-- PROMPT --
If pictures appear in the lines below, skip them and copy exactly the lines from the one containing "Zoie Porter is" through the one containing "Italian Murano glass pendant necklace", and nothing else.

-- RECORDS FOR THIS TASK --
•••

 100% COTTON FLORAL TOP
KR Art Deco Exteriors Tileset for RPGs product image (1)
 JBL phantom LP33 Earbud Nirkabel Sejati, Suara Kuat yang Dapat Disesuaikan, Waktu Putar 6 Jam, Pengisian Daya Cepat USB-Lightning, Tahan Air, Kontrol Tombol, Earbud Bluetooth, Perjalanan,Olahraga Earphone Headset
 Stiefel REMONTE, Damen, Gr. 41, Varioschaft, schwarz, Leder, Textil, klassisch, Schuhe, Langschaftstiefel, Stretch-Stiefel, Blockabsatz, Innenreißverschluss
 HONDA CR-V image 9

•••

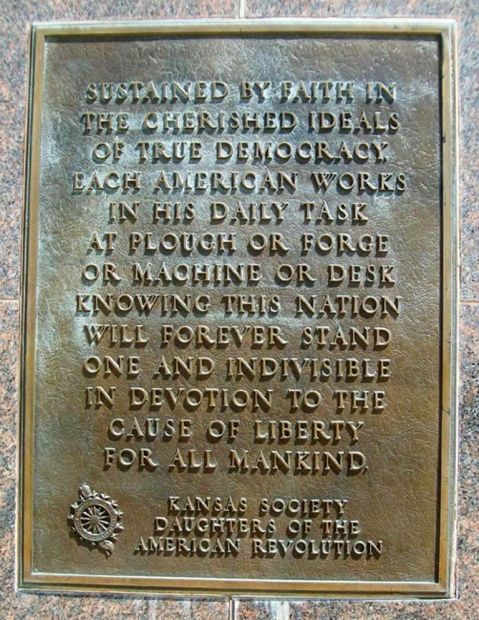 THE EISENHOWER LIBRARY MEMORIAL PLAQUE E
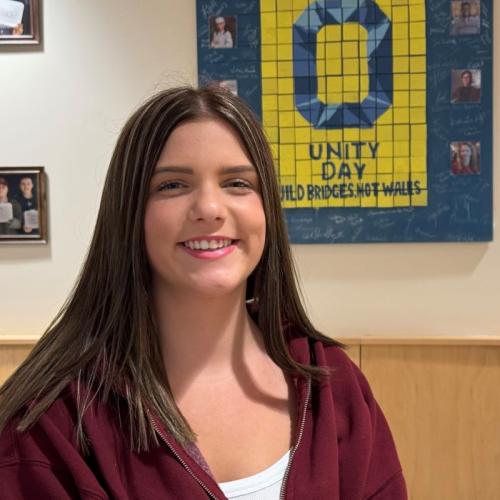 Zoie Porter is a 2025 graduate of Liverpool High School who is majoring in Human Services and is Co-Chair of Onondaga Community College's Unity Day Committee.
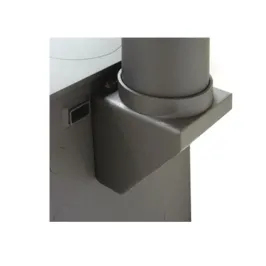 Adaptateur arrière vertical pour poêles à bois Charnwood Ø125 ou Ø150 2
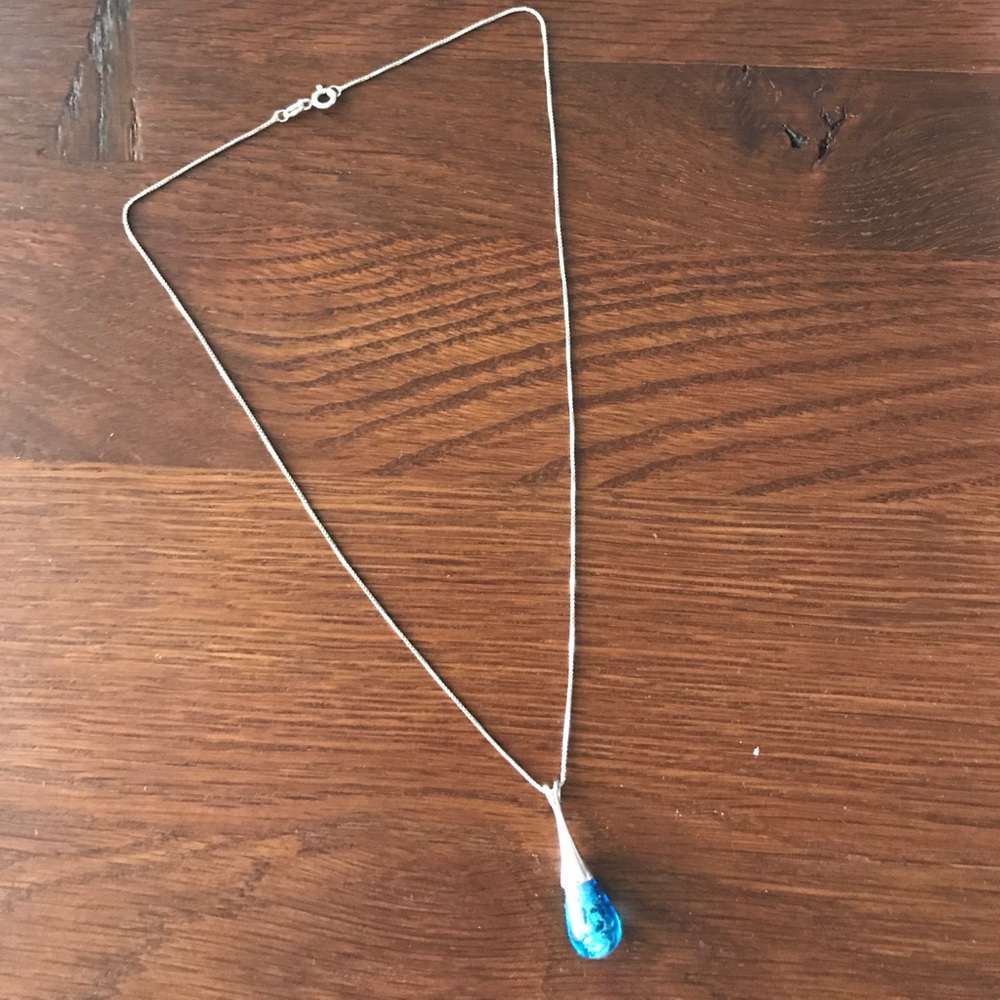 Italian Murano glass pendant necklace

•••

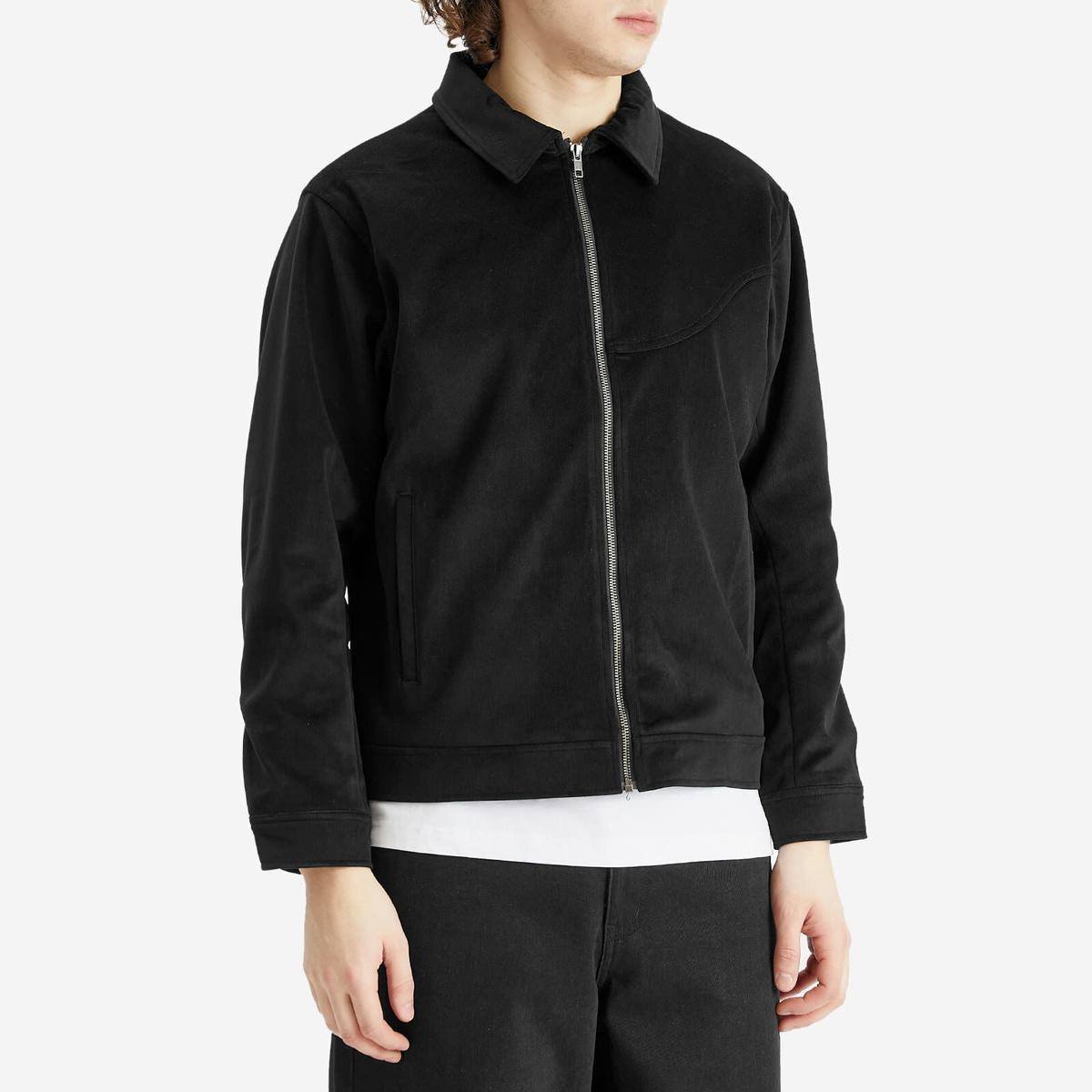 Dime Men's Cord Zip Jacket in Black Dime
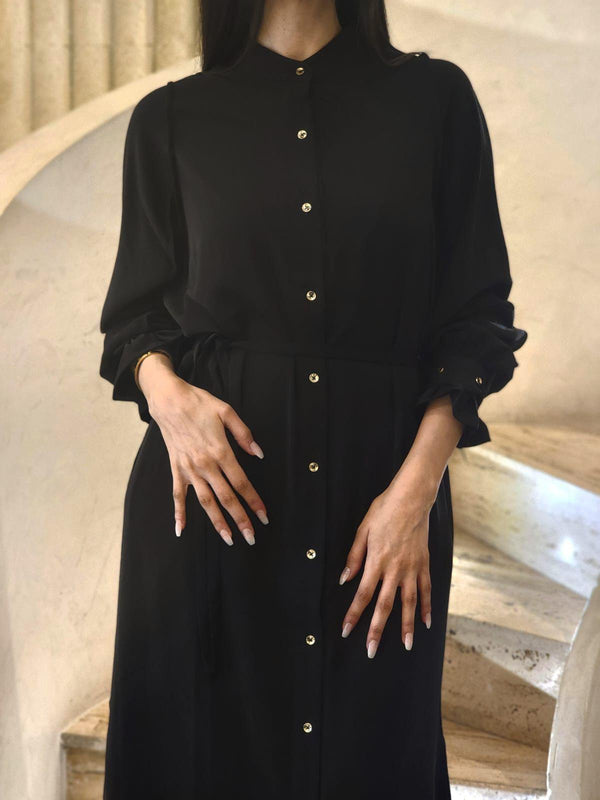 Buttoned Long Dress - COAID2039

•••

-- EXERCISE RESULT --
 Zoie Porter is a 2025 graduate of Liverpool High School who is majoring in Human Services and is Co-Chair of Onondaga Community College's Unity Day Committee.
 Adaptateur arrière vertical pour poêles à bois Charnwood Ø125 ou Ø150 2
 Italian Murano glass pendant necklace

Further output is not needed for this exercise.